So again, I think that Go designers knew this. They knew this, because they were developers themselves. They were not necessarily academics. They had to build software. They knew what the average developer needed, they knew where they were falling down. And I think Go comes in and solves these things.
[36:15] Personally, I think when somebody complains about error handling in Go, they’re complaining about – they want it easier to do, not easier to understand. [laughter] We come back again, right? So sometimes when you make things easier to understand, things have to be a little more tedious.
But here’s another design philosophy, Johnny? Two of them. One, you shouldn’t be writing code for yourself. You should be writing code for the next person that has to come along. Because if you don’t, if you’re not thinking about the next person and/or the average developer on your team, when you leave, that codebase leaves with you. It gets replaced. And the 3, 4, 5 years you spent on that ends up resulting in meaning nothing. I’ve got code that’s 20-something years old, 10-something years old in production right now.

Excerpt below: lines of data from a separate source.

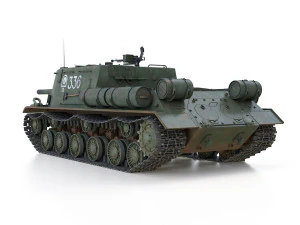isu-122 - 336 - soviet heavy self-propelled 3D Model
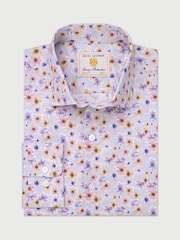 Brook Taverner Poppy Print Occasion Shirt - صورة 1 من 2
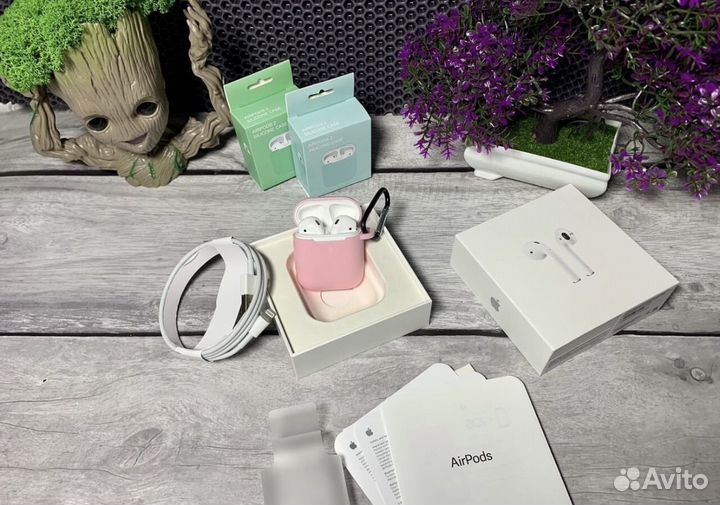 Airpods 2 airoha chip новые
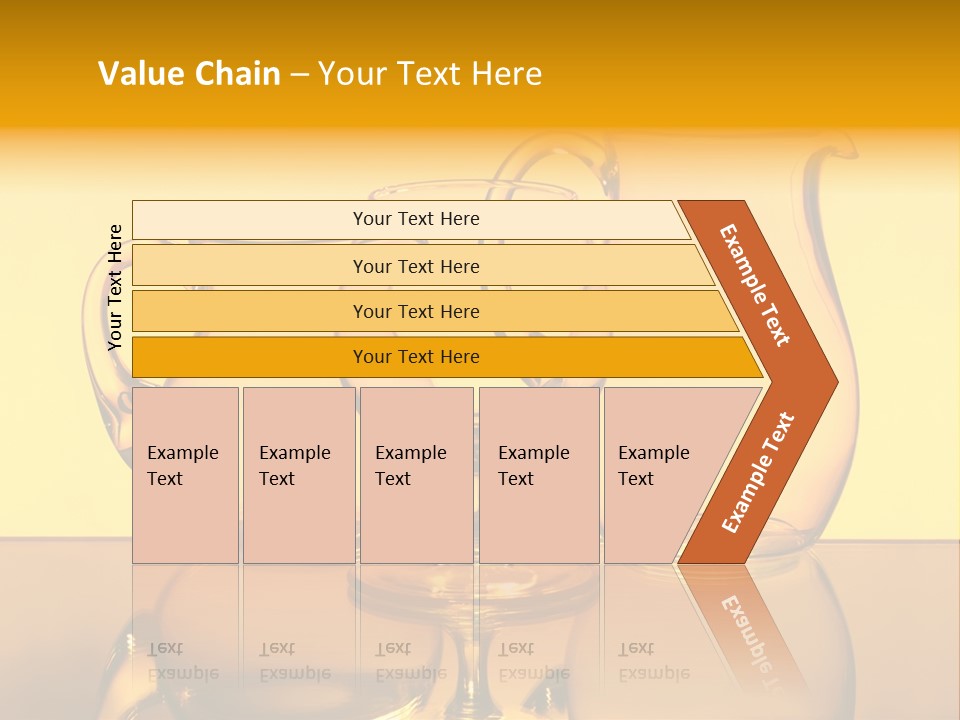 Skill Drink Silhouette PowerPoint Template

The 20-year-old code should go, because that’s way too long… But I think it’s there because I always wrote code with the understanding that somebody else has to be able to maintain this. It wasn’t about me, it was about the next person, and that allows that code to now not just have to be replaced, right? You need to have that design philosophy in your head; you need to be thinking about that, “Who’s the next person that’s gonna come along here?” And then you’re always writing code for the average developer on your team.
If you’re the average developer on your team, that means I can wake you up at 3 in the morning (God forbid) if I have to, and you can handle the bug. That’s the average developer. If I can’t wake you up at three in the morning, then you’re below average. So another question is “Why are you below average? Is it because I’m failing you, or are you just not coming up to speed?” And then for me, the next thing is the above-average developer. That’s scary, because those are the developers that tend to get bored, and instead of being able to write for the average developer, or bring the team up - that’s where the clever code comes in. That’s where we trip up.
And I tell people all the time, “When you’re hiring, evaluate who this person is for your team. Are they below, are they average, or are they above?” And consciously understand what you’re gonna need to do as an individual and a team to get this person in the right place. If they’re below average – which is great; let’s hire developers who are below average for our teams, so we can bring them up and we can create a stronger team. Those are the best developers in the world, because you can really teach and train them. And now you’ve got somebody who will stay a long time and really work hard and thank you for the opportunity.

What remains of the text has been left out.